1847 PATHOLOGICAL CHARACTERISTICS OF CYSTIC RENAL LESIONS

INTRODUCTION AND OBJECTIVES: The Bosniak classification system for cystic renal lesions has enabled practitioners to predict the likelihood of malignancy based on pre-operative imaging. However, the histology and grade of these cystic renal lesions is poorly characterized. We aimed to describe the pathological findings of cystic renal lesions removed due to concern for malignancy. METHODS: We performed a retrospective analysis of our institutional database of renal procedures.

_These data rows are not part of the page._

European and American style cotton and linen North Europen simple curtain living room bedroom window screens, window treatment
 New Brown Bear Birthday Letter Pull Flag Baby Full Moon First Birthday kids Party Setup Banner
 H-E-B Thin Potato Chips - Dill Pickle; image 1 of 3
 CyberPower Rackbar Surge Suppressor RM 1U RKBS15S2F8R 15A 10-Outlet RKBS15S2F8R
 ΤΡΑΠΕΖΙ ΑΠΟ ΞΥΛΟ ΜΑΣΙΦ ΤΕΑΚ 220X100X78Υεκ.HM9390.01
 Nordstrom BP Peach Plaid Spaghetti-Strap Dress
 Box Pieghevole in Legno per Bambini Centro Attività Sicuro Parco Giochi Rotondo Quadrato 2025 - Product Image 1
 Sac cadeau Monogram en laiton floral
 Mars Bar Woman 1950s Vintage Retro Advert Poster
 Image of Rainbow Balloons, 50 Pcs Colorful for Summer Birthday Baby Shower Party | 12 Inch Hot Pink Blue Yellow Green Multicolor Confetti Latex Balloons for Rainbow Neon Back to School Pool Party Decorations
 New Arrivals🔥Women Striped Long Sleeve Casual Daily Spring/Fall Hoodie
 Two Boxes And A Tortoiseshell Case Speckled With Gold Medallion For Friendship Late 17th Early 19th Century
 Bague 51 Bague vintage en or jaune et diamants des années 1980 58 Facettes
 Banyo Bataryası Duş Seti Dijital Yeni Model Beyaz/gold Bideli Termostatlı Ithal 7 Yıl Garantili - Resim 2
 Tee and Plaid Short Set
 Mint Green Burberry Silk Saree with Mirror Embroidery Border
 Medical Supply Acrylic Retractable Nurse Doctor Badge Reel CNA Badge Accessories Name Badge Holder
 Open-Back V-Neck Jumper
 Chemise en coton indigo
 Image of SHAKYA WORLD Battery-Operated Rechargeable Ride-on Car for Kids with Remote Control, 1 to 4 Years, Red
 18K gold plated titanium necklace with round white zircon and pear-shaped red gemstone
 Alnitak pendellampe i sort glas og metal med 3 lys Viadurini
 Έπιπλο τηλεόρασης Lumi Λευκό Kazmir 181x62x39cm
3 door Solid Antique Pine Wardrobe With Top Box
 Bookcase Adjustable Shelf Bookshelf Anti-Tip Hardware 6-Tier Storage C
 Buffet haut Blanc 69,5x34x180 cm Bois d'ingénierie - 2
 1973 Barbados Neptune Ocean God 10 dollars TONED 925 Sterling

We included all patients who underwent radical or partial nephrectomy between 2004 and 2010 for cystic renal lesions concerning for malignancy. The Bosniak score of these lesions was determined based on pre-operative imaging; pathological findings following nephrectomy were analyzed. RESULTS: We identified 126 patients who met the inclusion criteria and underwent surgery for 23 Bosniak II lesions (18%), 33 Bosniak III lesions (26%), 45 Bosniak IV lesions (36%), and 25 cystic lesions in which data was insufficient to assign a Bosniak score (20%). On pathological analysis, 36 lesions (29%) were found to be benign and 90 (71%) were malignant. When grouped by Bosniak score, malignancy was identified 30%, 64%, and 89% of Bosniak II, III, and IV lesions, respectively. Of the 90 malignant lesions, 48 (53%) were clear cell renal cell carcinomas (RCCs), 23 (26%) were papillary RCCs, 5 (6%) were mixed clear cell and papillary RCCs, 4 (4%) were chromophobe RCCs, and 10 (11%) were non-RCC histologies. The pathological characteristics of the RCCs, stratified by histology, are shown in the Table. Tumor size, pathological stage, and Fuhrman grade did not significantly differ by tumor histology. Surgical margins were negative in all but 1 (1%) of the malignant lesions. There was no association between pathological stage (p 0.40) or tumor size (p 0.20) and Fuhrman grade. CONCLUSIONS: Papillary histology is slightly more common in cystic RCCs than in solid lesions. Furthermore, the majority of cystic RCCs are low stage, low grade tumors, suggesting that these lesions may behave in a more indolent fashion than solid renal tumors and may be more amenable to active surveillance.